# Beilinson regulator

In mathematics, especially in algebraic geometry, the Beilinson regulator is the Chern class map from algebraic K-theory to Deligne cohomology:

$\displaystyle{ K_n (X) \rightarrow \oplus_{p \geq 0} H_D^{2p-n} (X, \mathbf Q(p)). }$

Here, X is a complex smooth projective variety, for example. It is named after Alexander Beilinson. The Beilinson regulator features in Beilinson's conjecture on special values of L-functions.

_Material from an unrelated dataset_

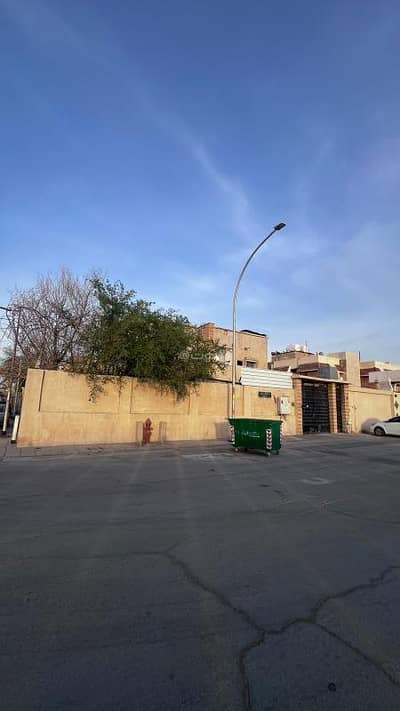 Land for Sale in West Riyadh, Riyadh - Old villa for sale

The Dirichlet regulator map (used in the proof of Dirichlet's unit theorem) for the ring of integers $\displaystyle{ \mathcal O_F }$ of a number field F

$\displaystyle{ \mathcal O_F^\times \rightarrow \mathbf R^{r_1 + r_2}, \ \ x \mapsto (\log |\sigma (x)|)_\sigma }$

is a particular case of the Beilinson regulator. (As usual, $\displaystyle{ \sigma: F \subset \mathbf C }$ runs over all complex embeddings of F, where conjugate embeddings are considered equivalent.) Up to a factor 2, the Beilinson regulator is also generalization of the Borel regulator.

## References

• M. Rapoport, N. Schappacher and P. Schneider, ed (1988). Beilinson's conjectures on special values of L-functions. Academic Press. ISBN 0-12-581120-9.